A normal person

Looking over the worksheets my students filled out for class I saw the same string of jobs as I do every year when the “What do you want to be?” lesson rolls around. A few less baseball players this year than most. Soccer must be getting popular again. Or it is just these kids. How dare they have their own thoughts that buck the trends, eh? Ah, there is the one girl who wants to be the voice actress, and there is the kid who wants to be prime minister. Baker, baker, pastry chef, nursery school teacher, doctor, police officer. Eh? What is that? They wrote the answer in Japanese. Huh.

I want to be a 普通の人.

I want to be a normal person.

I pause. Sadness overwhelms me. “Do I ever know that feeling.” And I do. I may be a straight, white male, but I remember feeing “not normal”. It started for me in fifth grade, a year younger than the kid who wrote this. I remember going roller-blading[ref]Ugh.[/ref] with friends and then going back home to switch to my bike. The change in modes of transportation throws me for a loop for a second and I take a spill right onto my wrist. Bit of a sprain, have to have it wrapped up for a while. Writing, my favorite thing to do at that age, becomes hard to do.

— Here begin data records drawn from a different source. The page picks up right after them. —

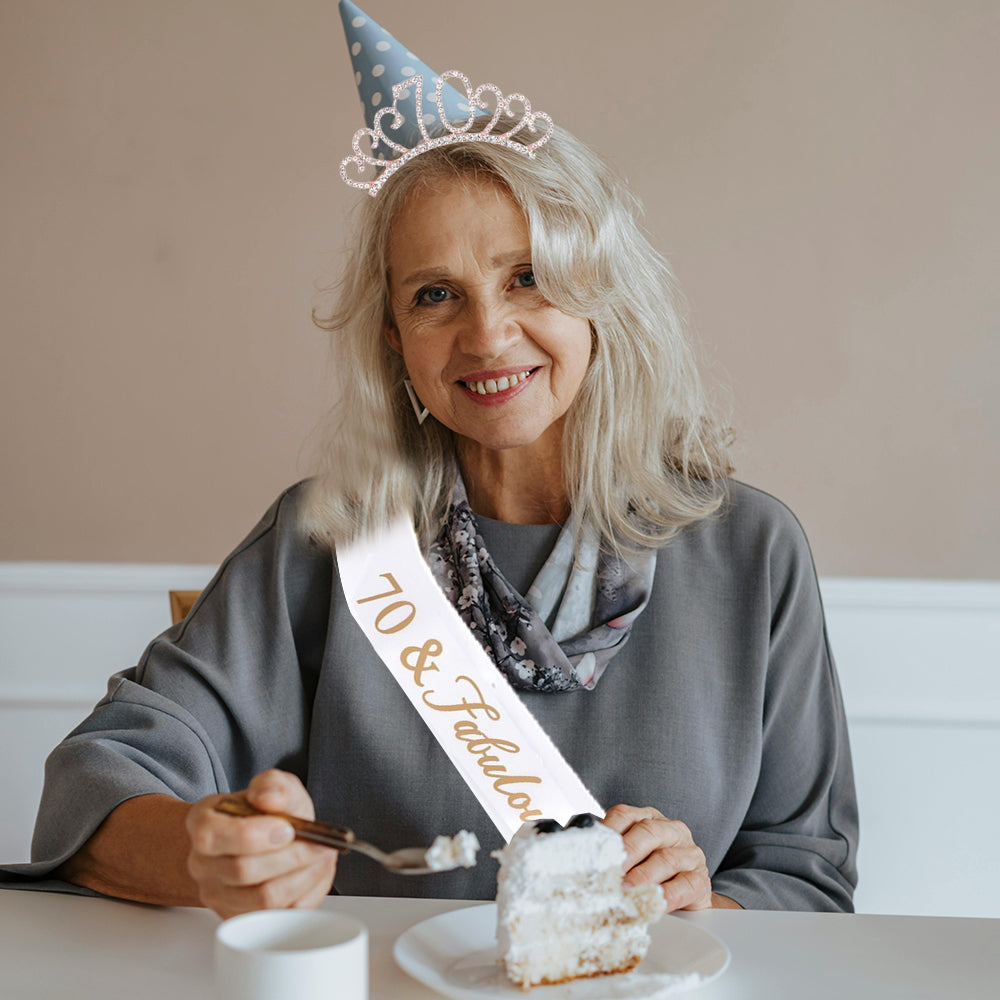 Ecomtwist 70th Birthday Sash & Tiara Set - Rose Gold 70 & Fabulous Satin Sash and Rhinestone Tiara - Ideal for 70th Birthday Gifts, Decorations, and Accessories for Women’s Celebrations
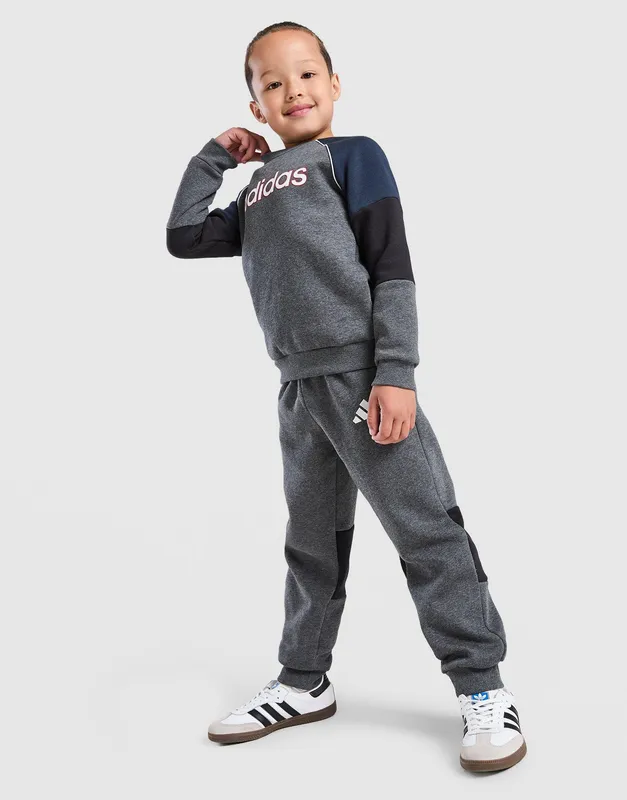 adidas Linear Colour Block Crew Tracksuit Children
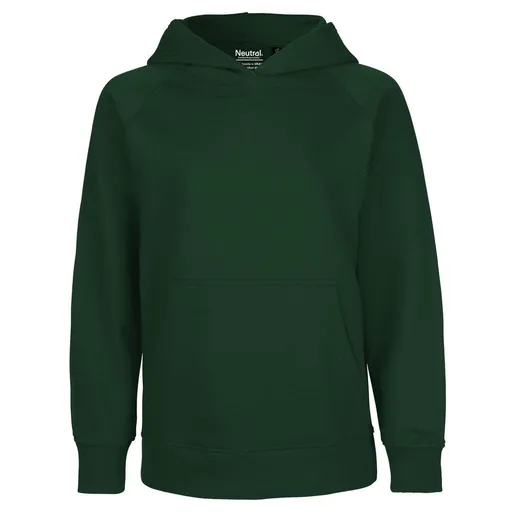 Neutral Dětská mikina s kapucí z organické Fairtrade bavlny - Lahvově zelená | 128/134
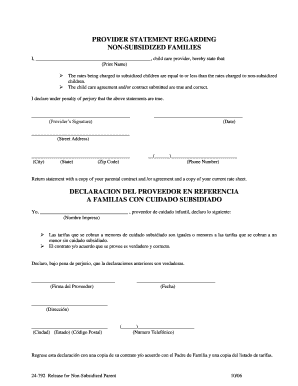 Child Care Provider Statement for Non-Subsidized Families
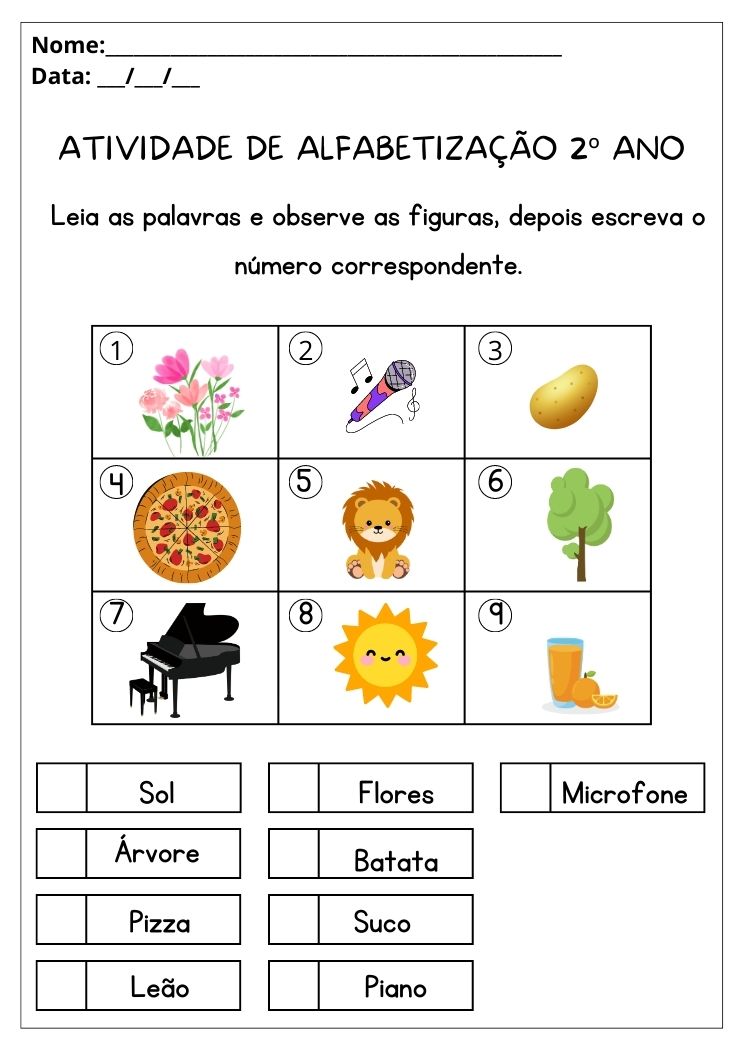 Atividade de alfabetização 2º ano escreva o número da figura correspondente em cada palavra para imprimir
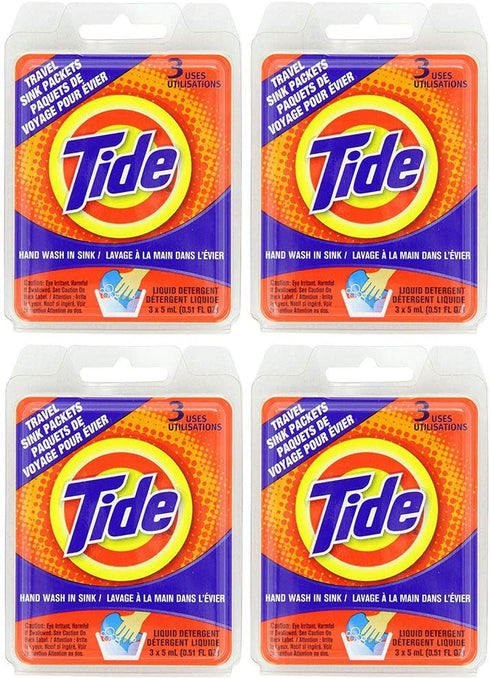 Tide Travel Sink Packets, 4 Packs of 3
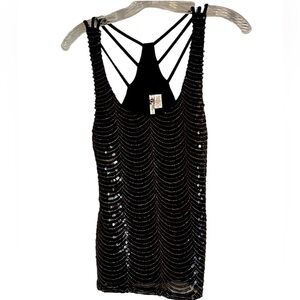 6 Degrees Sparkle & Shine Sequin Razor Back Tank, XS Black, Multi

Next day at school it starts. “Eric fell off his tricycle and hurt himself.” “Huh? No I did not.” But the truth does not matter. The comments repeat and I am overwhelmed. I have no idea why these comments are coming and I have no idea what to do. I run to the teacher. She responds by lecturing the class. I make myself a target.

A few days later I get some more shit from one of the students who was doing it before. I am not going to run to the teacher this time. He is talking shit about my t-shirt. I say well, at least I am not wearing that stupid hat like you are. The next thing I know I am on the ground, fists pummeling my face and chest. I just stay quiet from then on.

I just wanted to be normal and blend in. Be ignored. Keep writing my slightly reworked video game fan fiction I passed off as creative writing. I was afraid of myself because clearly I was earning attention that I did not want. So that must not be normal, right? And if it is not normal, that cannot be good, right?

But I survived. Hell, I did not have it bad at all. I have learned that now. But even my stupid little events have given me sympathy, even if I do not need it for my own affairs. So, as I sit here, hovering between whether this student just did not care and wrote this down because fuck English class, or if the simple silly question weighed down harder than it ever was intended to because they just feel so pressured to be what they are not that they want to fit in the mold and do their own little thing where no one bothers them for being different.

Either way, I think, I hope, that with time they will be fine.